Show that a = 9.6.

Sketch the graph of the distribution.

Find \({\text{P}}(X < 0.6)\).

\(\int_0^{0.5} {a{x^2}{\text{d}}x + \int_{0.5}^1 {0.5a(1 - x){\text{d}}x = 1} } \)     M1A1

\(\frac{{5a}}{{48}}\) (or equivalent) or \(a \times 0.104 \ldots  = 1\)     A1

Note: Award M1 for considering two definite integrals.

Award A1 for equating to 1.

Award A1 for a correct equation.

The A1A1 can be awarded in any order.

a = 9.6     AG

[3 marks]

correct shape for \(0 \leqslant x \leqslant 0.5\) and \(f(0.5) \approx 2.4\)     A1

correct shape for \(0.5 \leqslant x \leqslant 1\) and \(f(1) = 0\)     A1

[2 marks]

attempting to find \({\text{P}}(X < 0.6)\)     (M1)

direct GDC use or eg \({\text{P}}(0 \leqslant X \leqslant 0.5) + {\text{P}}(0.5 \leqslant X \leqslant 0.6)\) or \(1 - {\text{P}}(0.6 \leqslant X \leqslant 1)\)

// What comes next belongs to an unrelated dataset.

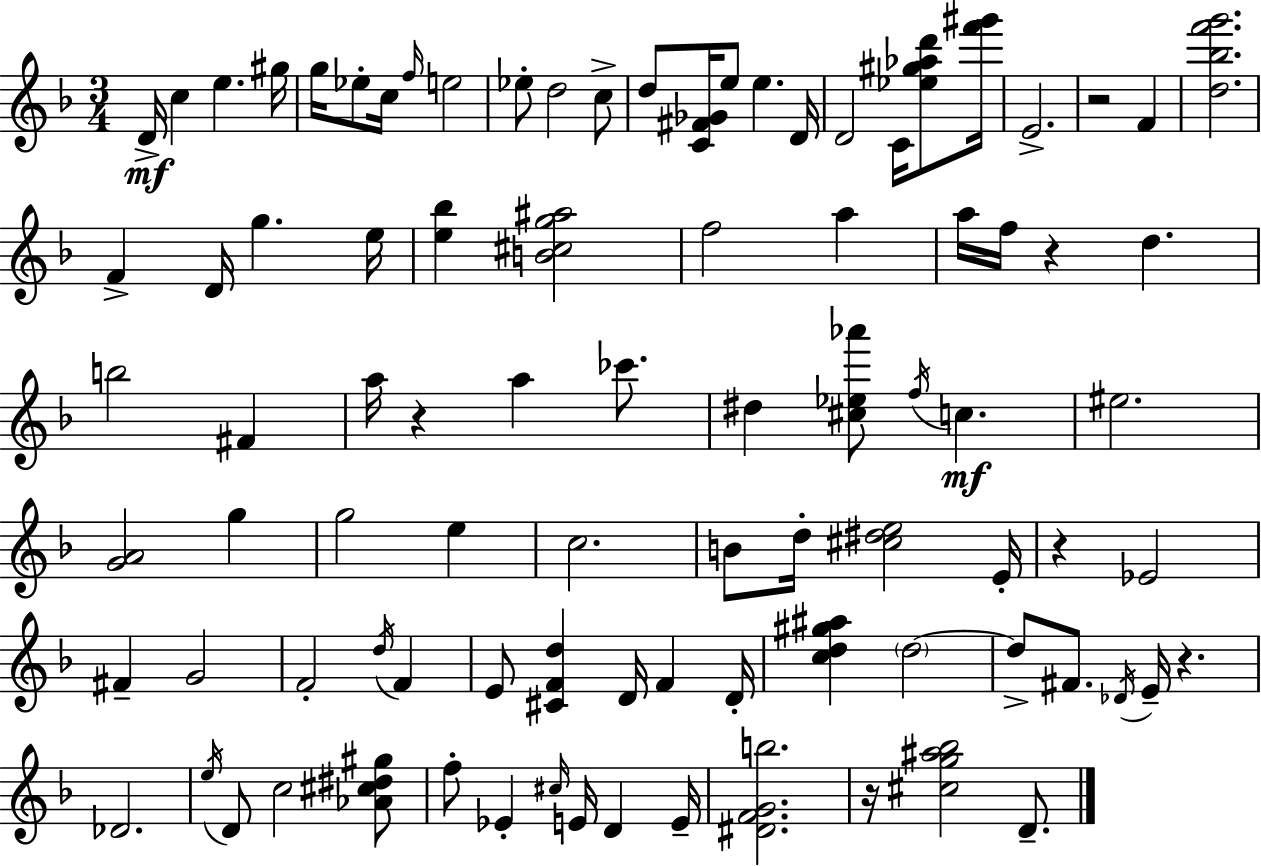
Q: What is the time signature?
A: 3/4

\({\text{P}}(X < 0.6) = 0.616{\text{ }}\left( { = \frac{{77}}{{125}}} \right)\)     A1

[2 marks]

Part (a) was generally well done. Common errors usually involved not recognizing that the sum of the two integrals was equal to one, premature rounding or not showing full working to conclusively show that a = 9.6.

Part (b) was not well done with many graphs poorly labelled and offering no reference to domain and range.

Part (c) was reasonably well done. The most common error involved calculating an incorrect probability from an incorrect definite integral.